• **Task to carry out**:
Restate all of the entries exactly, dropping any pictures they hold.

________

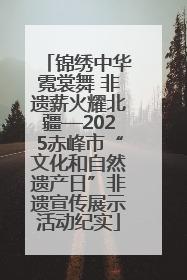 锦绣中华霓裳舞 非遗薪火耀北疆—2025赤峰市“文化和自然遗产日”非遗宣传展示活动纪实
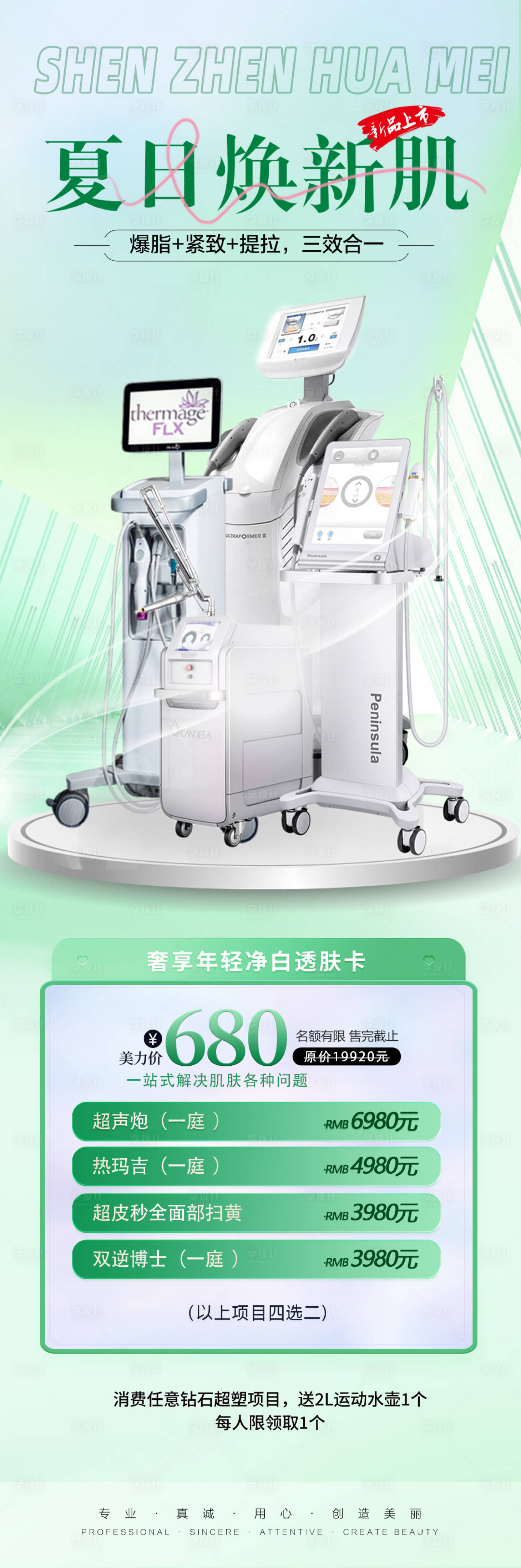 源文件下载【享设计】搜索编号：52840018133848757【医美活动品项海报】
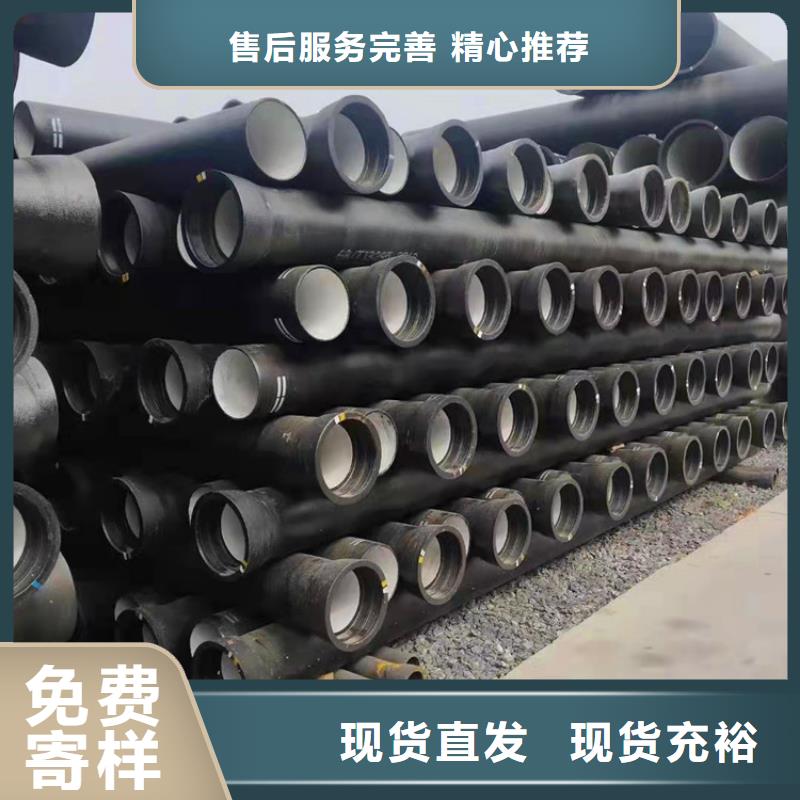 球墨铸铁管【球墨铸铁管件】放心购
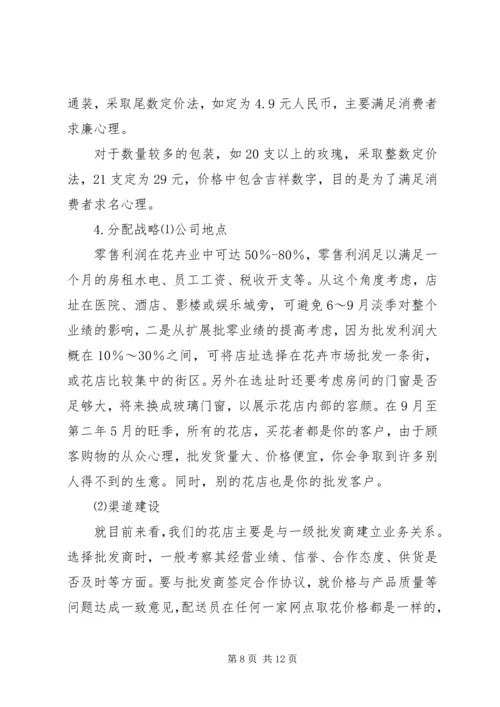 社区社会工作计划书(5000字) (4).docx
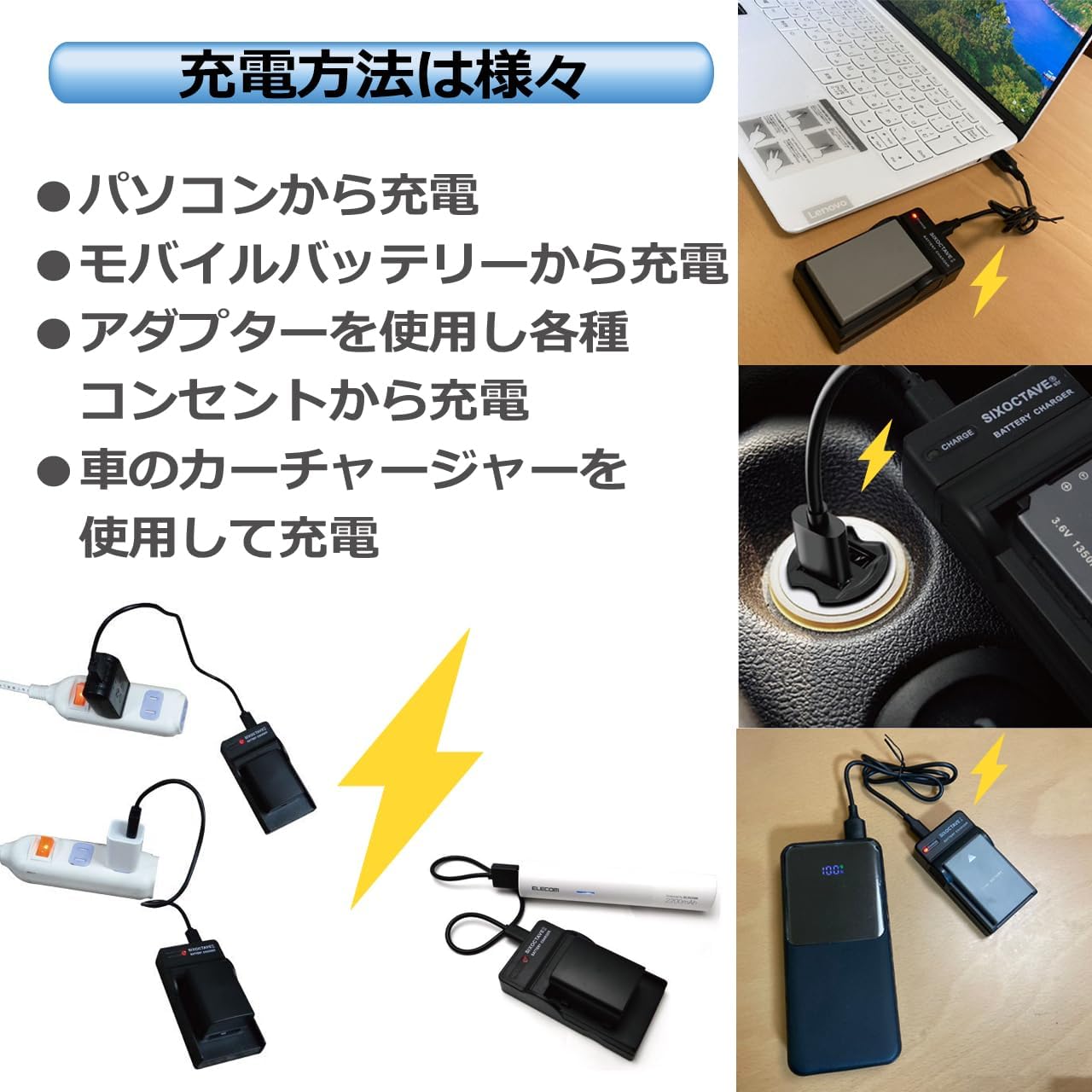 USB Charger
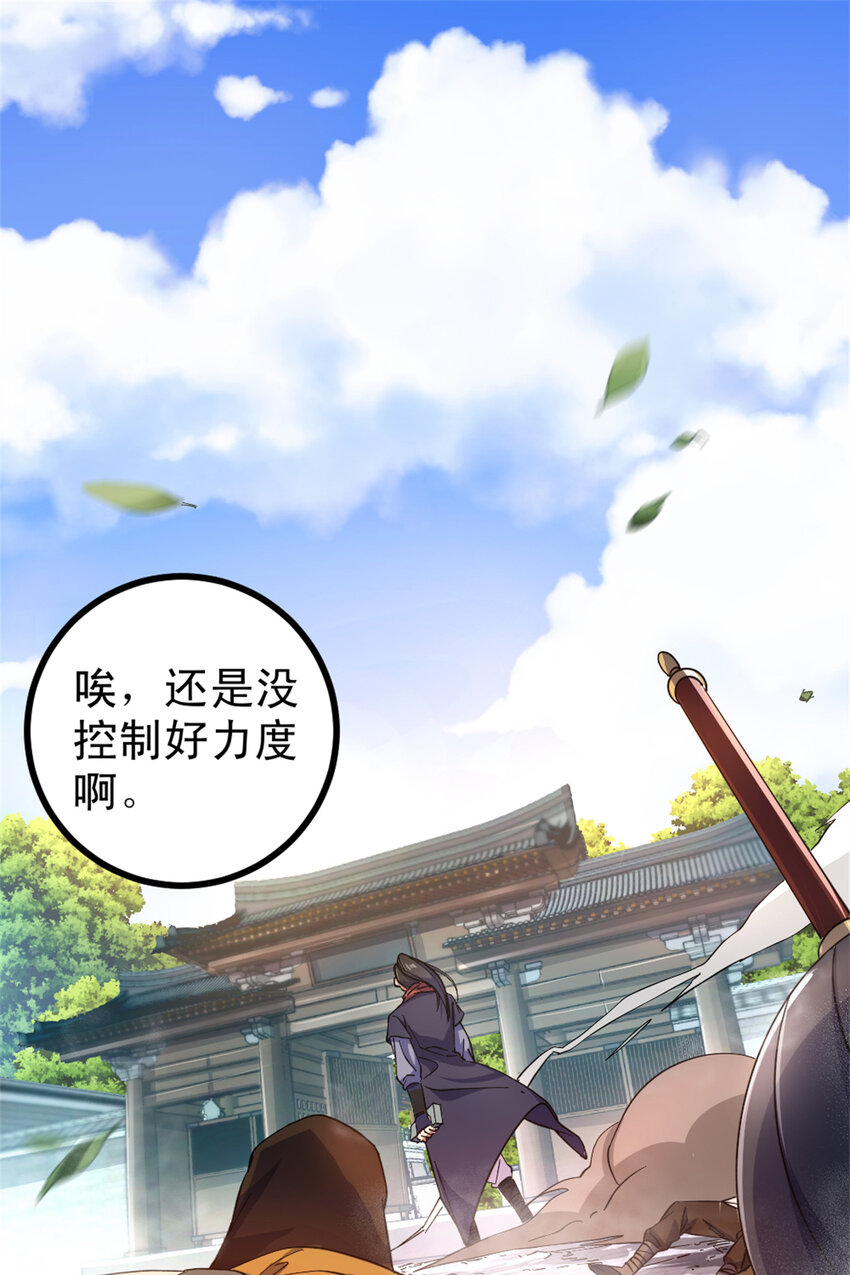 《我渡了999次天劫》32 难得的温馨 第2页
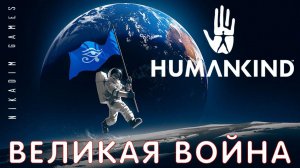 ⭐ HUMANKIND: ВЕЛИКАЯ ВОЙНА #10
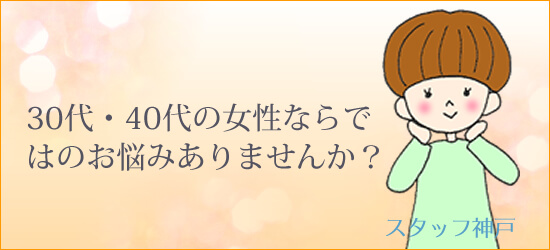 30代・40代女性のお悩み「膣圧ケア」についてLCコンシェルジュルームスタッフがお伝えします!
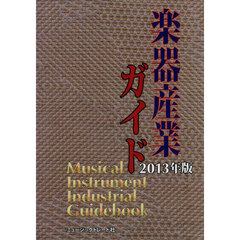 ’１３　楽器産業ガイド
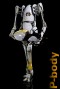Figura Premium - Portal 2 "P-Body" 30 cm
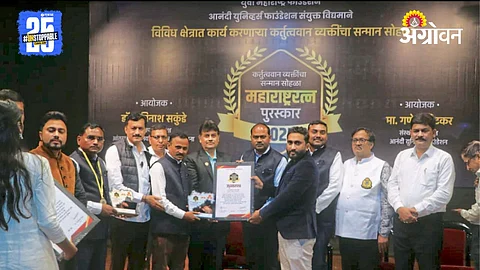 Maharashtra Ratna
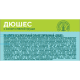 Лимонад Черноголовка Дюшес газированный, 1.5л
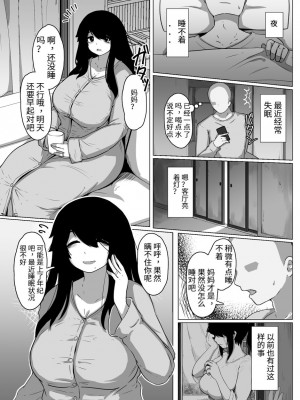 [moya] おやすみ、おかあさん（p站体验版) [结业就进厂个人汉化]_14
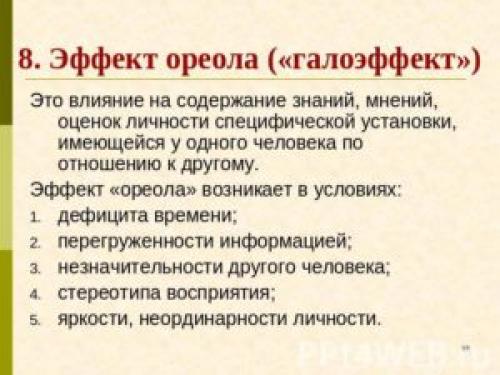 Эффект ореола в психологии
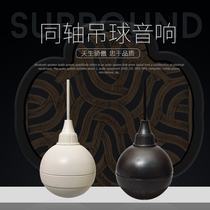 JKA Bluetooth Ceiling Ceiling Snacking Shop with Ceiling Ceiling Smooth Suspension Set Sound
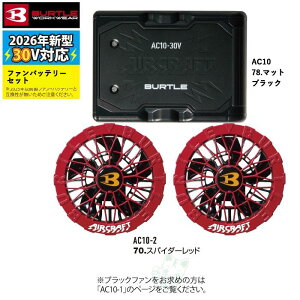 �q�y�V�����L���O1�ʓ��܁r�y���������z �o�[�g�� BURTLE �o�b�e���[ �t�@�� �Z�b�g 30V 2026 �󒲕� �G�A�[�N���t�g AIRCRAFT AC10 AC10-2 �󒲍�ƕ� �t�@���o�b�e���[�Z�b�g ��ƕ� ��ƒ� �󒲃E�F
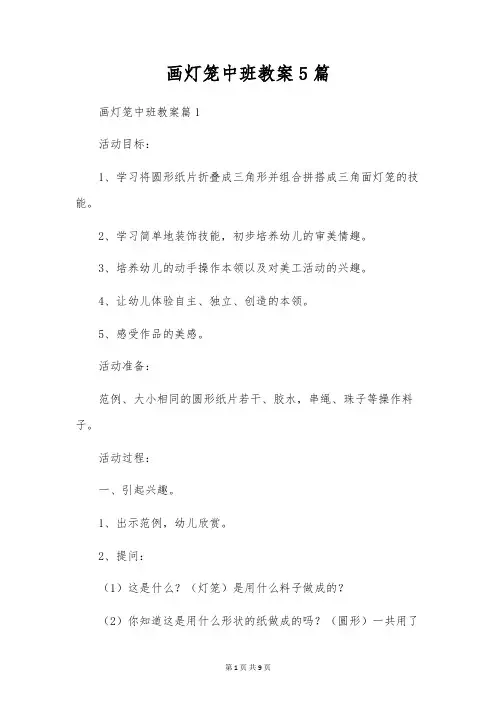 画灯笼中班教案5篇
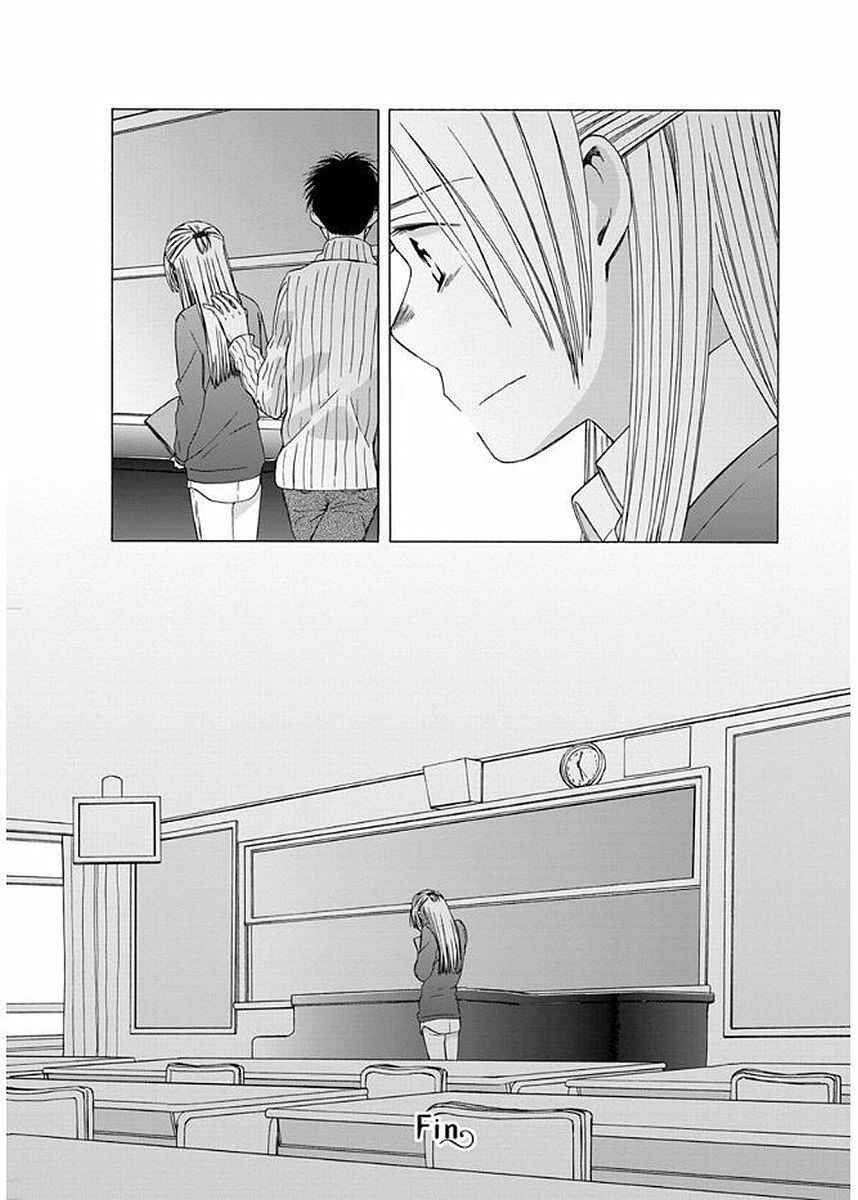 Love at Fourteen Chapter 34.1 - Page 11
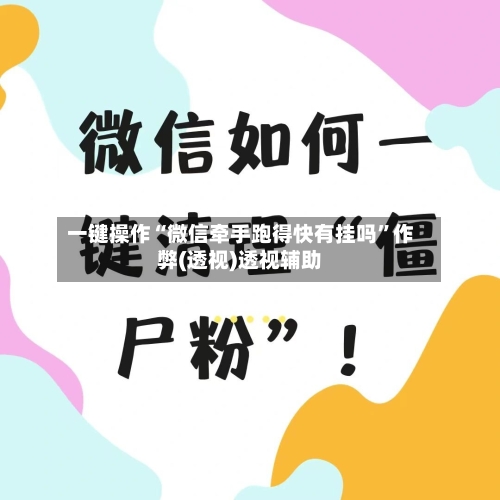 一键操作“微信牵手跑得快有挂吗”作弊(透视)透视辅助-第3张图片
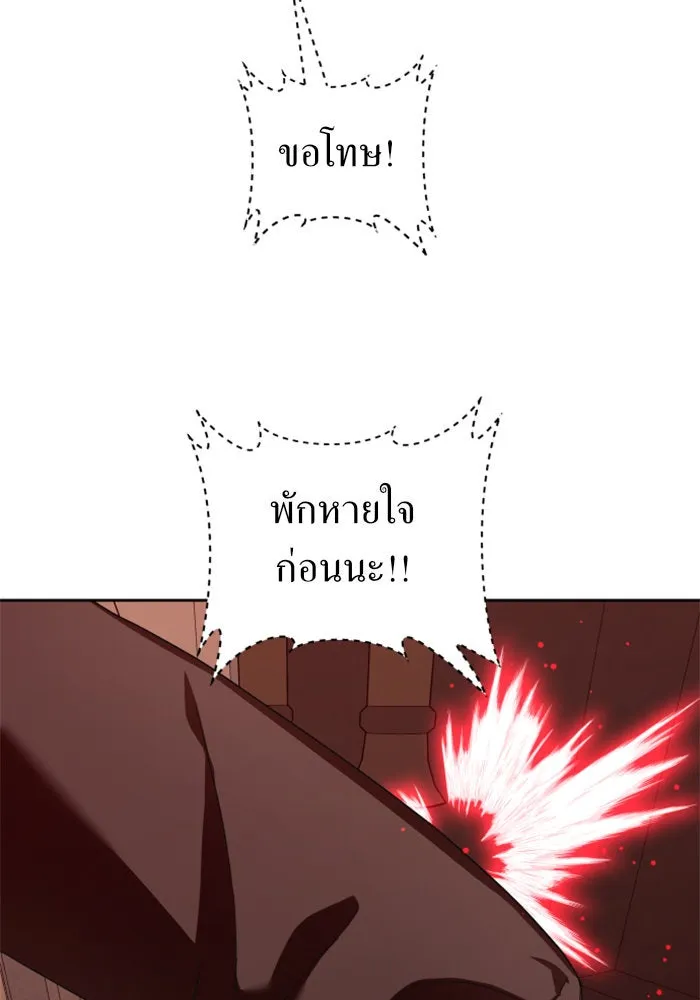 ชิงชีวิตพลิกลิขิตชะตา ตอนที่ 121. นึกถึงคืนวันนั้น(2) รูปที่ 151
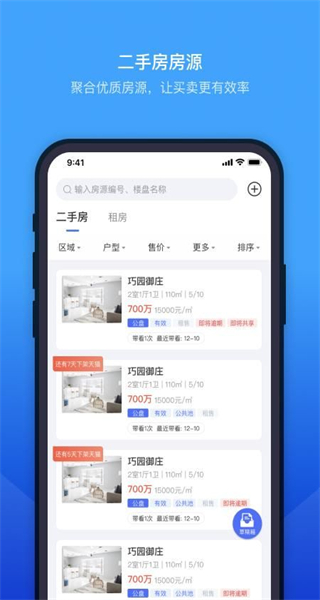 ETC門店管理app v3.9.23 安卓版 2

________

• **Written solution**:
 锦绣中华霓裳舞 非遗薪火耀北疆—2025赤峰市“文化和自然遗产日”非遗宣传展示活动纪实
 源文件下载【享设计】搜索编号：52840018133848757【医美活动品项海报】
 球墨铸铁管【球墨铸铁管件】放心购
 社区社会工作计划书(5000字) (4).docx
 USB Charger
 《我渡了999次天劫》32 难得的温馨 第2页
 ⭐ HUMANKIND: ВЕЛИКАЯ ВОЙНА #10
 30代・40代女性のお悩み「膣圧ケア」についてLCコンシェルジュルームスタッフがお伝えします!
 ’１３　楽器産業ガイド
Figura Premium - Portal 2 "P-Body" 30 cm
 Maharashtra Ratna
 Лимонад Черноголовка Дюшес газированный, 1.5л
 [moya] おやすみ、おかあさん（p站体验版) [结业就进厂个人汉化]_14
 Эффект ореола в психологии
 JKA Bluetooth Ceiling Ceiling Snacking Shop with Ceiling Ceiling Smooth Suspension Set Sound
 �q�y�V�����L���O1�ʓ��܁r�y���������z �o�[�g�� BURTLE �o�b�e���[ �t�@�� �Z�b�g 30V 2026 �󒲕� �G�A�[�N���t�g AIRCRAFT AC10 AC10-2 �󒲍�ƕ� �t�@���o�b�e���[�Z�b�g ��ƕ� ��ƒ� �󒲃E�F
 画灯笼中班教案5篇
 Love at Fourteen Chapter 34.1 - Page 11
 一键操作“微信牵手跑得快有挂吗”作弊(透视)透视辅助-第3张图片
 ชิงชีวิตพลิกลิขิตชะตา ตอนที่ 121. นึกถึงคืนวันนั้น(2) รูปที่ 151
 ETC門店管理app v3.9.23 安卓版 2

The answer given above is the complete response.